By March 2007, Red had assembled two additional prototypes, named Boris and Natasha. But now, with three weeks to go before NAB 2007, Jannard wanted new footage to show what the camera could do. He emailed Jackson, asking if the director could recommend a good cinematographer in Los Angeles to help create a Red promo spot. Not long after, Jackson telephoned. "Jim, why don't you fly down here to New Zealand, and I'll shoot the footage for you," he said.
"Don't tease me," Jannard replied.
"No, I'm serious," Jackson said. "Bring the cameras down."
Jannard packed up Boris and Natasha, still crude machines with no features other than a run/stop button and a shutter, and headed south.

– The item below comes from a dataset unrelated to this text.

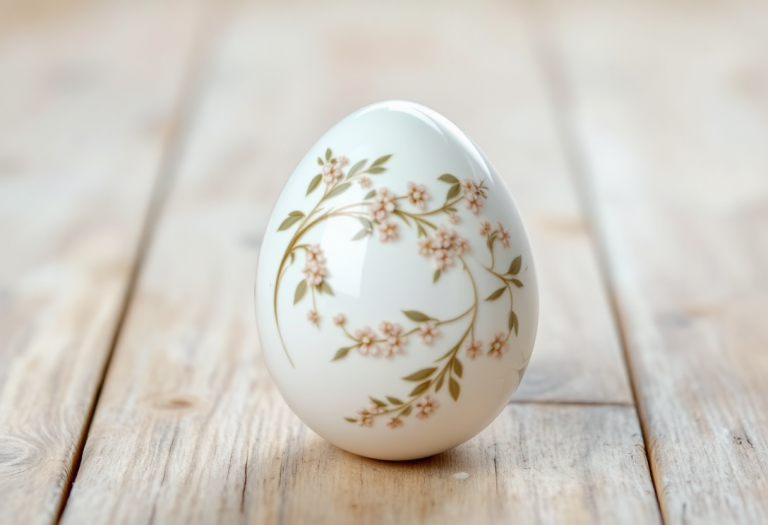 L'uovo di colomba decorato per Pasqua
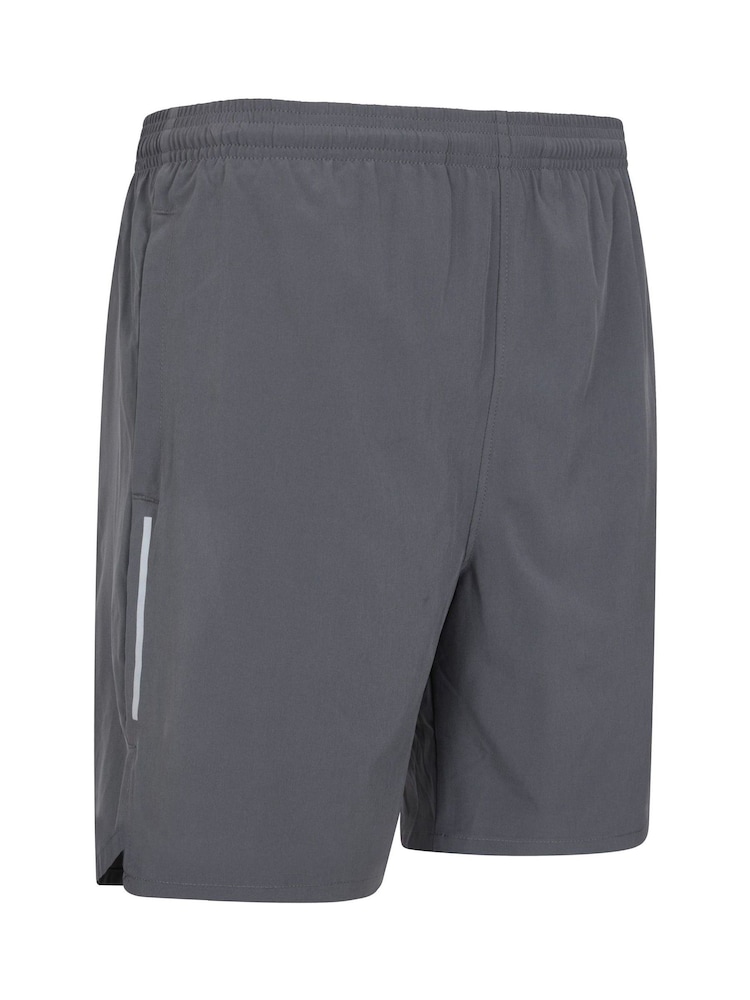 Mountain Warehouse Grey Mens Motion 2 in 1 Active Running Shorts - Image 2 of 5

When he got to Wellington, Jackson was ready. "Peter had put together an army," Jannard says. "He was going to shoot a mini-movie to put the cameras through their paces, using them on helicopters and Steadicams, crawling on the ground with them—and I'm thinking, 'Oh my gosh, I just hope they keep working through the weekend.'" Boris and Natasha performed flawlessly. "We stayed at Peter's house, and he was just beaming because he was having so much fun." Jackson delivered his 12-minute featurette, titled Crossing the Line, the night before the NAB Show opened.
Jannard shows me the film at Red headquarters. His desk is in an open workspace that he shares with six staffers and his puppy. Next to his computer there's a box of the Montecristos he favors and a pinewood crate from Napa Valley Reserve, the world's most exclusive wine club. Members reportedly pay up to $145,000 to join, in exchange for which they can partake in grape harvests and create their own blends. There's something oddly honorable about a billionaire with insanely expensive taste in wine but no office.
I watch Crossing the Line on Jannard's 30-inch HD display while he stands behind me. The film, set on the front lines of World War I, alternates between aerial dogfights and bloody ground combat. The screen resolution is about half what it would be in a theater. Nevertheless, it's like looking through a window onto a battlefield. I can barely discern a single pixel. The detail is stupefying; the colors are rich and sensual.
After NAB 2007, Jannard showed Crossing the Line at the Directors Guild in LA. "I rearranged my travel plans to be there," Soderbergh says. After he saw the film, he called Jannard.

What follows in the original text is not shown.